The teachers were another matter - they are well remembered. Miss Collier in Grade 2, loved by us all, Miss Scott of the shapely figure in Grade 3 whose ample breasts I can still remember swaying in front of my nine-year old face, Mr Wilson, dapper little Scotsman who made us do dictation every morning in Grade 4 and in Grade 5 and 6, Mr Bryson – “Sir”, he of the New Guinea campaign, malaria and pipe smoke. If ever there was an individual who was seen as a God by his class, Mr Bryson was it. The greatest of all honours was to be selected by “Sir” in Grade 6 to help look after the school garden on Friday afternoon. Mr. Walton, of course – grumpy and gruff - was the headmaster. He drove green Ford Pilot and whenever you saw his car around town you pretended not to see him. To be ‘sent to the office’ to confront Mr Walton was about as bad as it could get.

The school (apart from the front garden) was not an attractive place to my childhood memory – acres of tar, red bricks and cement and not one blade of grass. As little kids we played “cars” on the wall in the big quadrangle. In summer, cricket was played on the lower playground against the back wall of the toilet. In winter, football was end-to-end in the same place. When it was wet, “British Bulldog” in the large shelter shed. Like many primary school playgrounds, the place was a human jungle – with the biggest and toughest kids holding sway over the smaller and the less tough. It was nothing to bribe big Grade 6 kids with some chips to get one kick of the footy! Teddy Taig and Bruce Webster, where are you now? Lunch time was interesting, with three options available – you could either go home for lunch on the twelve o’clock hooter (few working mothers in those days), take your lunch to school or “go down the street”. I usually went down the street for my pie-and-sauce-on-a-plate or fish and chips from the Yallourn Café. Along with hordes of other kids I lined up while Mr Shaw would scoop up what seemed like tons of chips and delicious fish in batter and put them in bags for us to eat.

After six years at primary school, secondary school loomed for 1957. Boys had a choice – to go to Yallourn Tech to learn a trade or go to High School. The girls had no choice. Late in our last year at primary school those of us deciding to go to High School were sent to do tests to see which Form class we would be placed in. There were three levels – 1A, 1B and 1C. The ones who did best in the tests went into the A class and the rest into B or C. In retrospect it is alarming to think we were put into neat (quite often erroneous) boxes at such a young age – boys, either a trade and destined to work at the Commission, or segregated at secondary school into the academically able and less able. For girls the choices were even more limited. The big thing about High School was you wore a school uniform. This was a real rite of passage. I can remember wearing my school uniform in summer in preparation for the “big” day when we started at High School.

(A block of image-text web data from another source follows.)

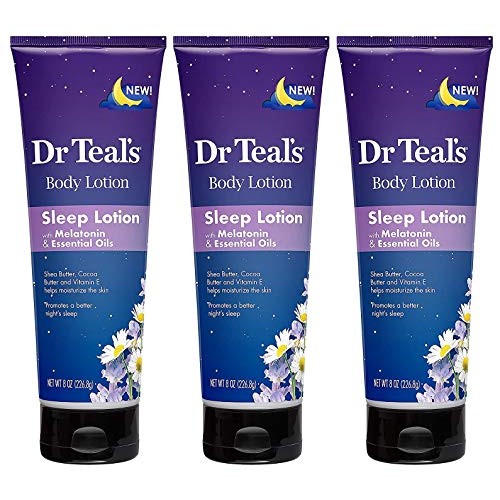 Dr. Teal's Night Time Therapy Melatonin Body Lotion - 8 Ounce Bottles Pack of...
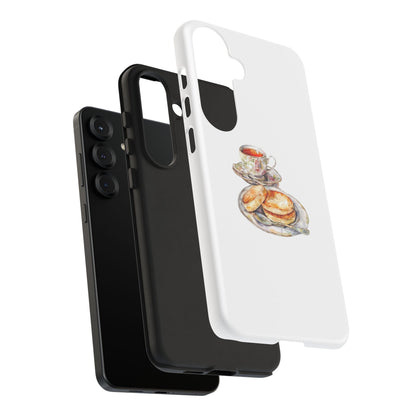 Elegant Tea & Cookies Phone Case - Tough Cases for Tea Lovers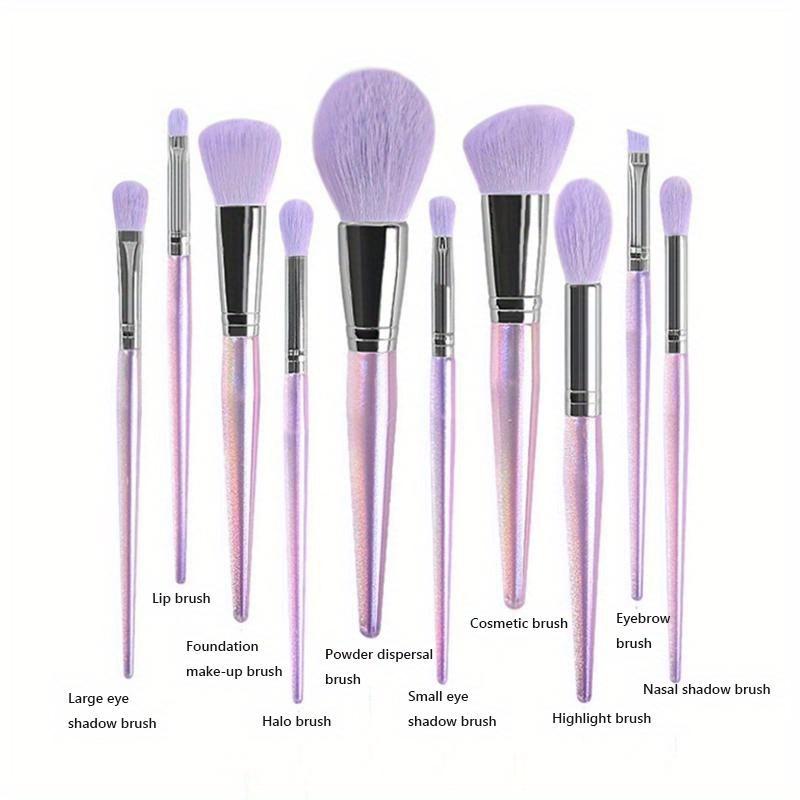 10 Pcs/set Fashion Makeup Brushes Sets Eye Shadow Powder Foundation Highlighter Eyebrow Brush Professional Tool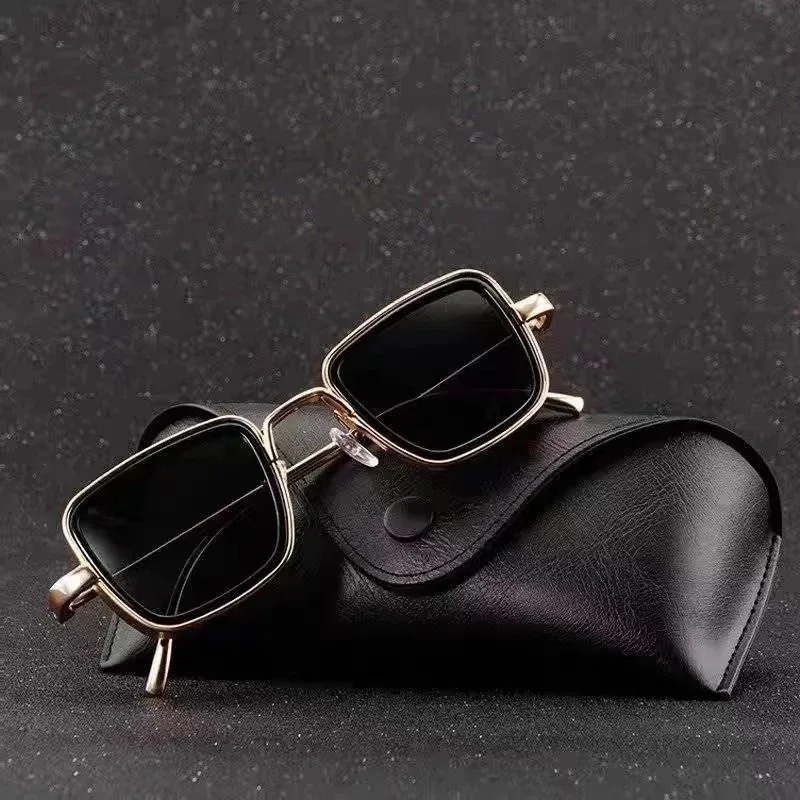 新しいパンク高品質メタルフレームサングラスレトロ長方形メガネ - Men'S Fashion Glasses のレビューと価格
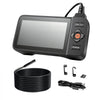 VEVOR Triple Lens Endoscope with Light, 4.5" HD IPS Screen Industrial Borescope Camera, 8 + 2 Lights, 8X Zoom, IP67 Waterproof Inspection Snake Camera for Automotive, Plumbing (16.4FT Rigid Cable)
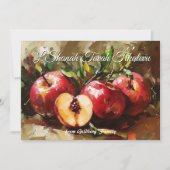 Shana Tova Apple Orchard Blessings Card 招待状 (正面)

It was at Yallourn High School our world became a bigger place. No longer did I mix with kids who I had been with in the same class from Grade 1 through to Grade 6, but there were “outsiders” from Newborough, Yallourn North and even some as far away as Morwell Bridge and Morwell itself! Not only that, but there were kids from St Theresa’s who, in those days, were as foreign to we State School kids as someone from the moon.

I spent seven years of my teenage life at Yallourn High School, and it is fair to say, that like so many people who belong to YOGA this was a defining era of my life. However, this story is for another time.